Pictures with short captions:
----

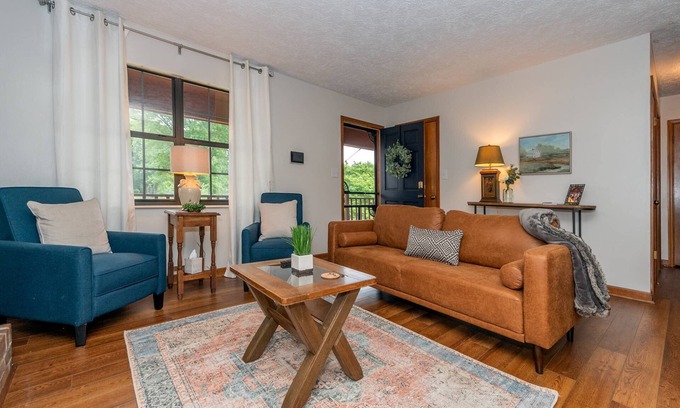 Eagleton Village House | Little Tennessee Mountain House | Near UT | 2 acre Farmhouse | Firepit | Townsend & National Park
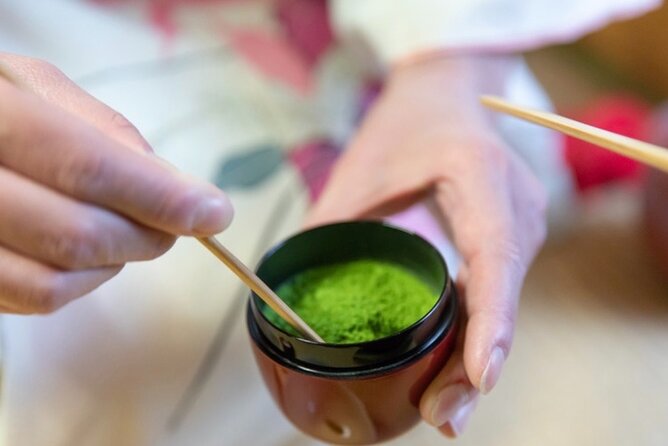 Kyoto Newly Opened Private Tea Ceremony - Sanjo Chasuian - Optional Uchikake Styling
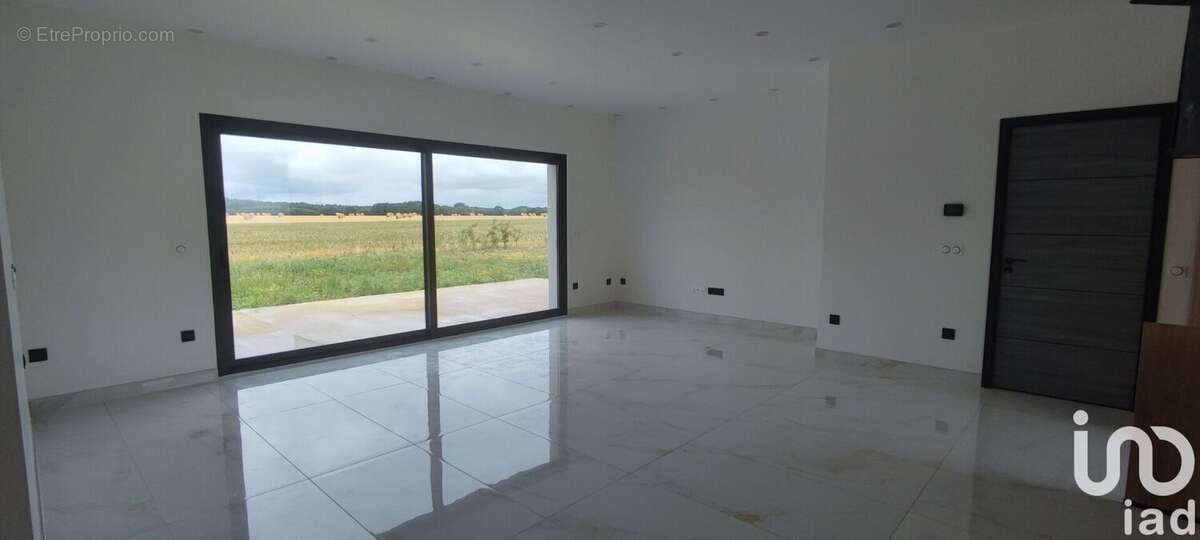 Photo 4 - Maison à MISEREY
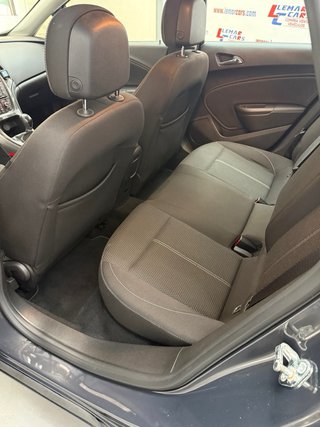 Opel Astra 2012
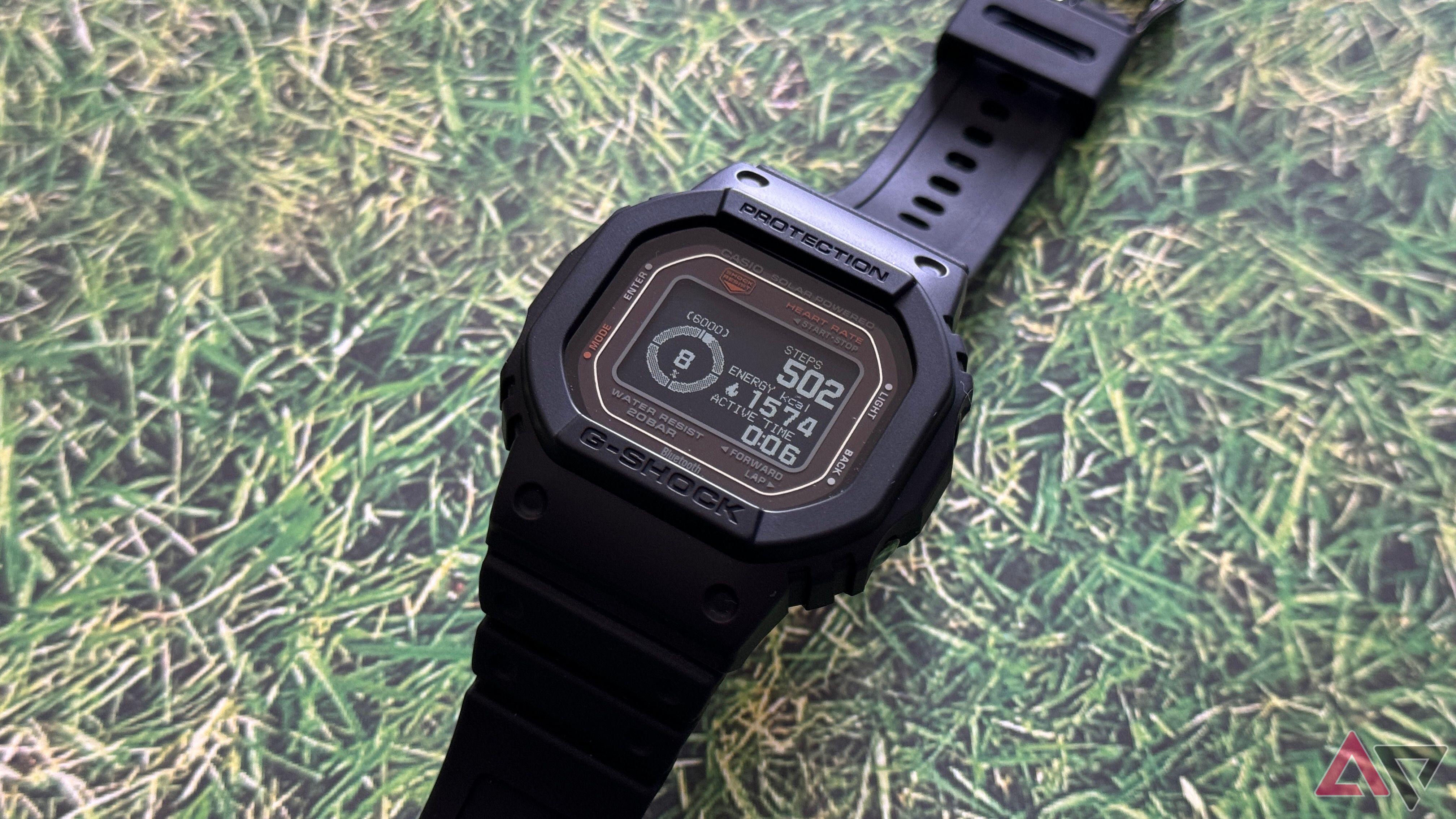 G-Shock Move DWH5600 exibindo informações de rastreamento de saúde
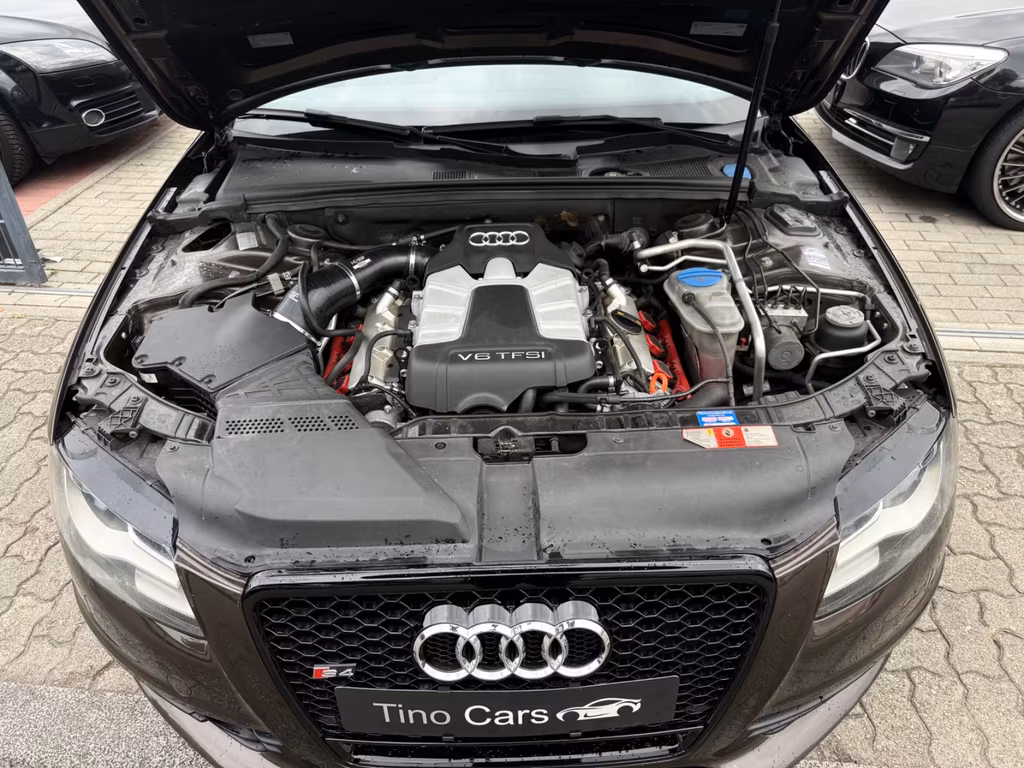 Audi S4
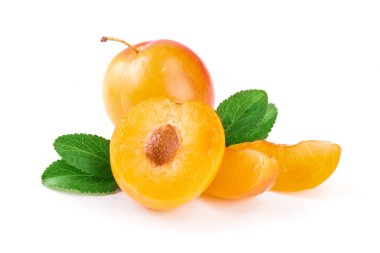 Sarı Erik ve yarım bırakır izole üzerinde beyaz arka plan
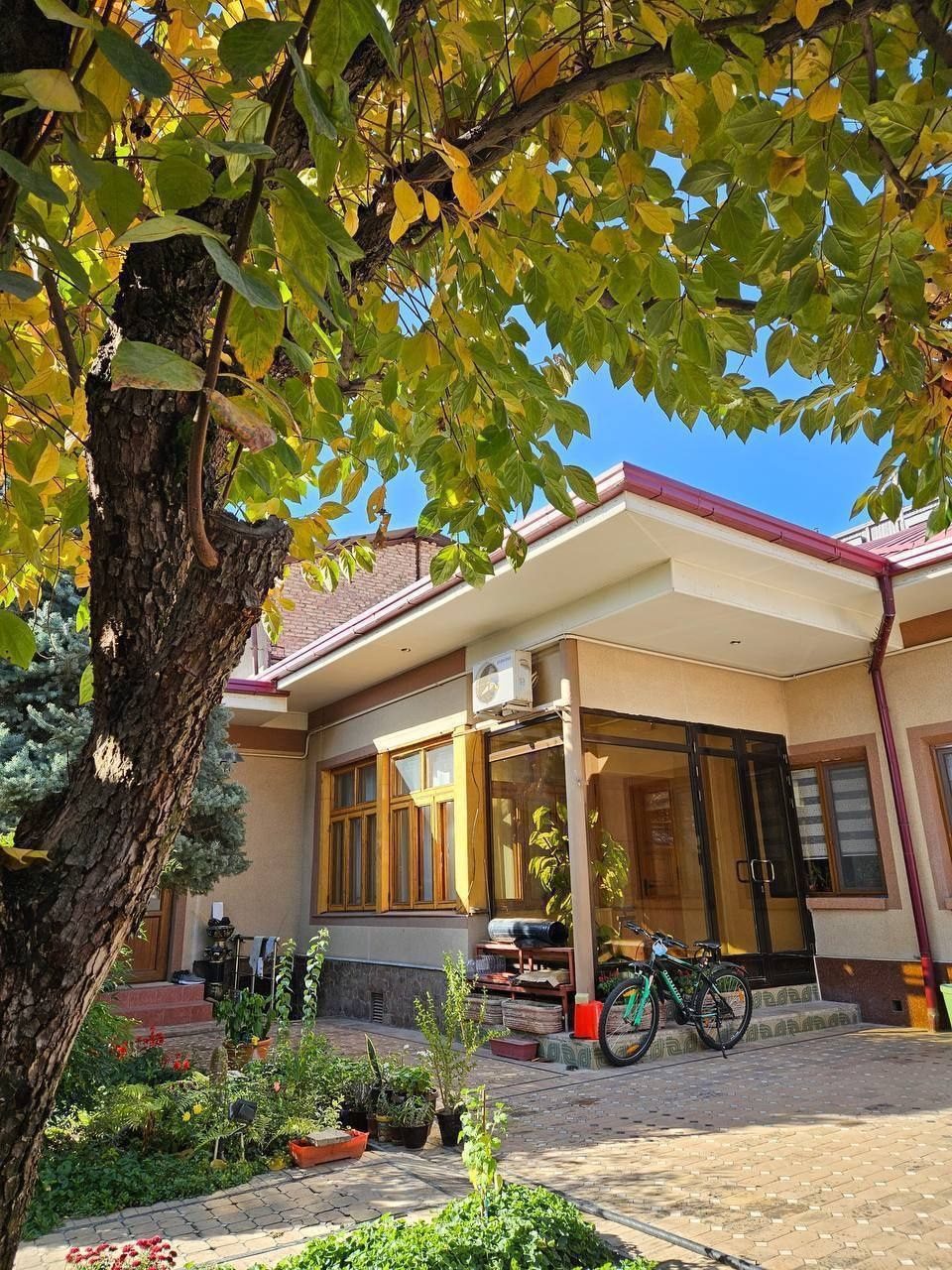 7-xonali uy, 530 m², Toshkent, Yakkasaroy tumani, sotuvga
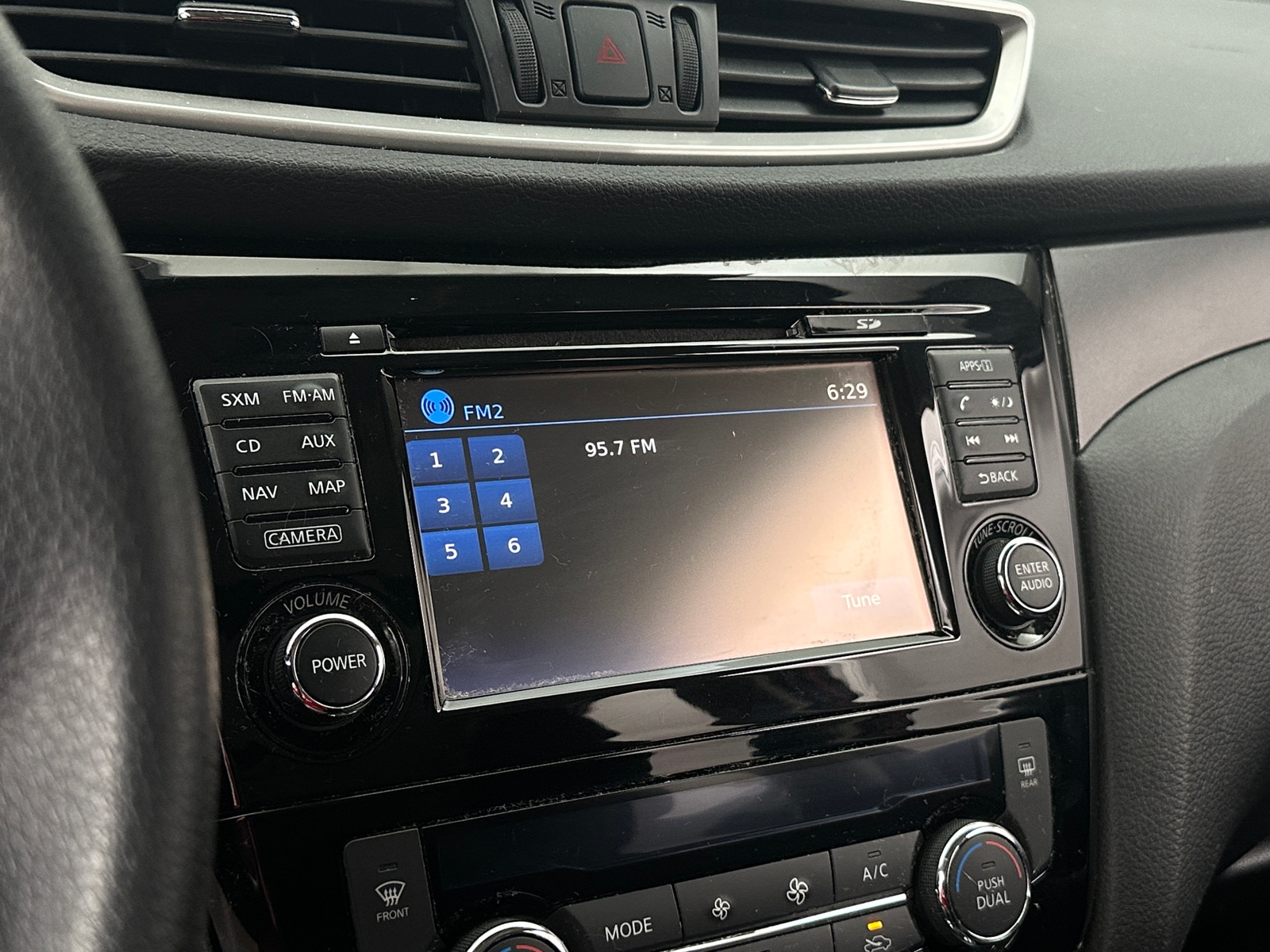 Thumbnail: 2016 Nissan Rogue - 4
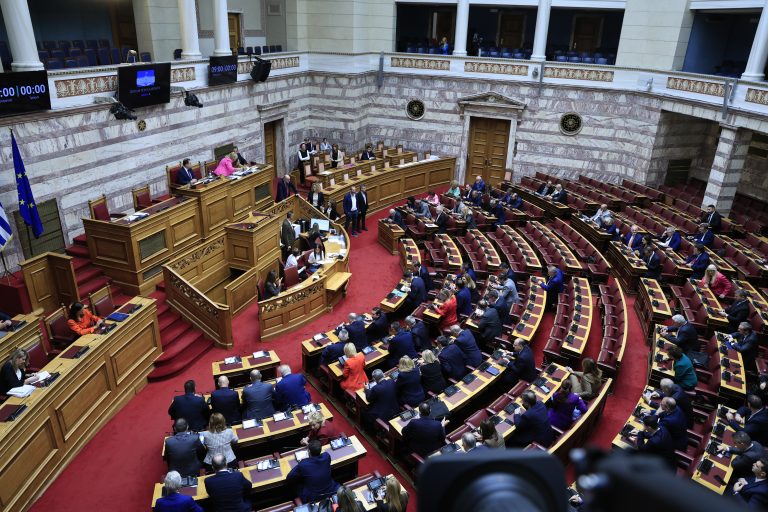 Εργασιακό νομοσχέδιο: Ολοκληρώθηκε η ονομαστική ψηφοφορία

----

- **Your instructions**:
Nothing but the lines from the start of the records above through the line with "Sarı Erik ve" should be retyped, each exactly as written; leave out all pictures.

- **Answer to this task**:
 Eagleton Village House | Little Tennessee Mountain House | Near UT | 2 acre Farmhouse | Firepit | Townsend & National Park
 Kyoto Newly Opened Private Tea Ceremony - Sanjo Chasuian - Optional Uchikake Styling
 Photo 4 - Maison à MISEREY
 Opel Astra 2012
 G-Shock Move DWH5600 exibindo informações de rastreamento de saúde
 Audi S4
 Sarı Erik ve yarım bırakır izole üzerinde beyaz arka plan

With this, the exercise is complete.